Liebe Gründer, schaut nicht ins Valley, sondern nach China!

Was machen die Unternehmer aus Fernost besser als ihre deutschen Kollegen? Acht Tipps, wie Gründer hierzulande davon profitieren. 

Die neuen Hotspots in Hangzhou und Peking? Startups, Accelerator- und Inkubatorenzentren! Und nicht nur das: Von den 66 neuen Unicorns – Startups mit einem Wert von mindestens einer Milliarde US-Dollar oder mehr – des vergangenen Jahres stammen allein 22 aus China. Einzig die USA können das asiatische Land mit sechs Unicorns mehr überbieten; Deutschland konnte im gleichen Zeitraum eins vorweisen (Otto Bock Health Care). Von den 232 Unicorns, die derzeit auf dem Markt agieren, stammen inzwischen 62 aus China; aus Deutschland kommen vier. Berechnungen zufolge wird China bald mehr Unicorns beheimaten als die USA – die Vorreiterrolle wechselt ihren Besitzer. 

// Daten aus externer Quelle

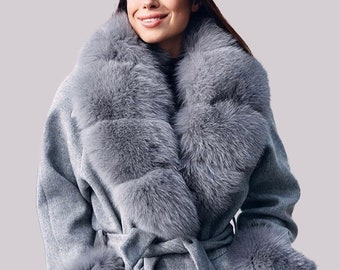 coat with fur collar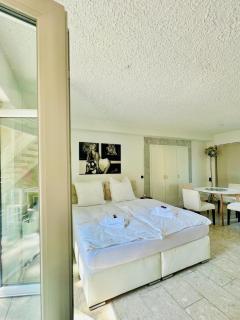 Suite 3 - 6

Unsere These: Deutsche Startups können trotz kultureller Unterschiede viel von chinesischen Gründern lernen. Im Reich der Mitte herrschen bessere Grundvoraussetzungen für Startups – was vor allem auf die kulturellen und politischen Unterschiede zu Deutschland zurückzuführen ist. Der große Vorteil in China: Das Digitale erfordert, anders als hierzulande, gar keine Erwähnung mehr, es ist ein selbstverständlicher Teil des Alltags.

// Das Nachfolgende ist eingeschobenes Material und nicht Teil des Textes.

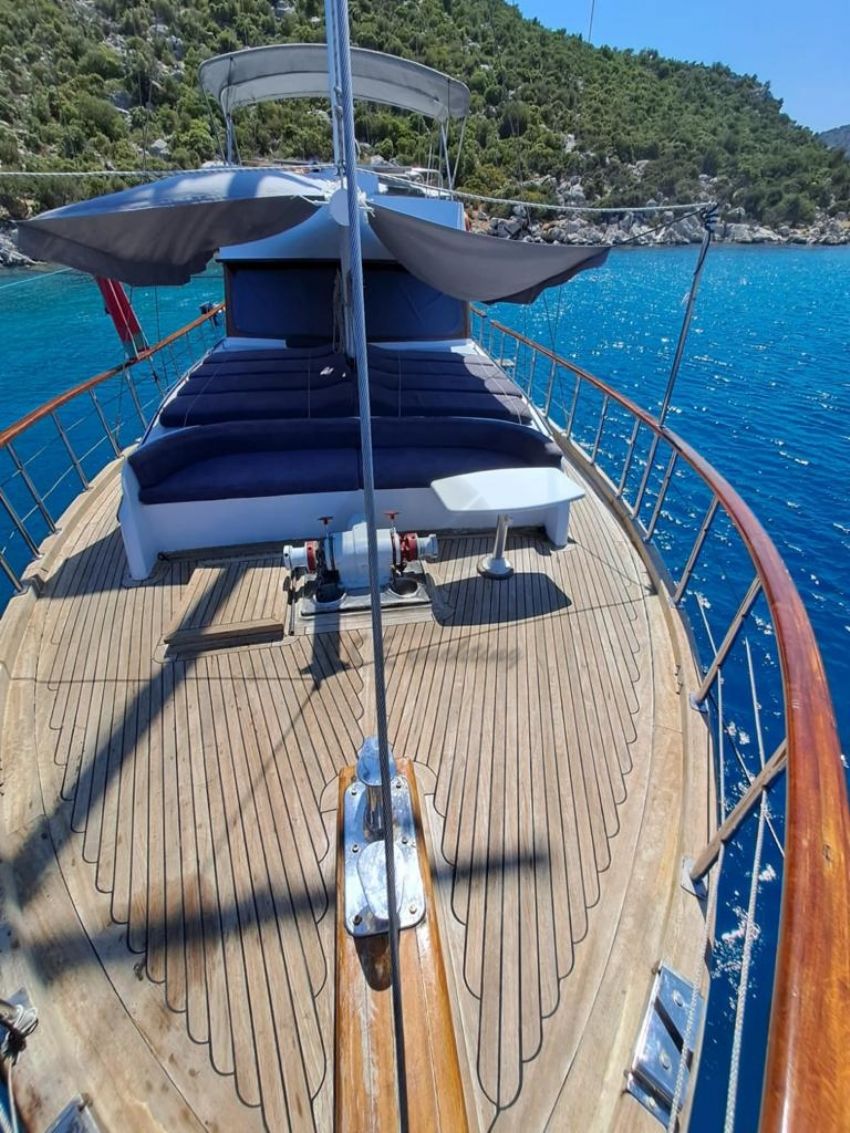 Prenses Gülce Gulet, Ön Güverte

Die chinesische Kultur hat Internet und Smartphones förmlich aufgesogen, Laptops und Desktop-PCs spielten in China nie eine so große Rolle wie in Deutschland. Für die Chinesen erfolgt der Gang ins Internet automatisch mit dem Smartphone: Im Jahr 2017 nutzten eine Milliarde Menschen in China das Internet – und dass bei einer Bevölkerungsdichte von 1,4 Milliarden. Die Chinesen surfen vorzugsweise über ihr Smartphone im Internet, und zwar zu 95 Prozent, während die Deutschen dies noch seltener tun (81 Prozent).

Erfolgsmodell WeChat

Aufgrund dieser massiven Nutzung des Smartphone – in Kombination mit dem Internet – haben sich einfache Mobile Apps zu komplexen Ökosystemen weiterentwickelt, die verschiedene Aspekte des täglichen Lebens berühren und folglich erleichtern wollen. Bestes Beispiel ist Tencents App WeChat. Gestartet als einfacher Messenger, hat sich WeChat zum täglichen Begleiter entwickelt, mit dem Nutzer unter anderem Termine beim Arzt buchen, Taxen bestellen oder Rechnungen mit dem internen Bezahldienst WeChat Pay begleichen können. Erst vor kurzem knackte WeChat die magische Grenze von einer Milliarde Nutzerkonten weltweit.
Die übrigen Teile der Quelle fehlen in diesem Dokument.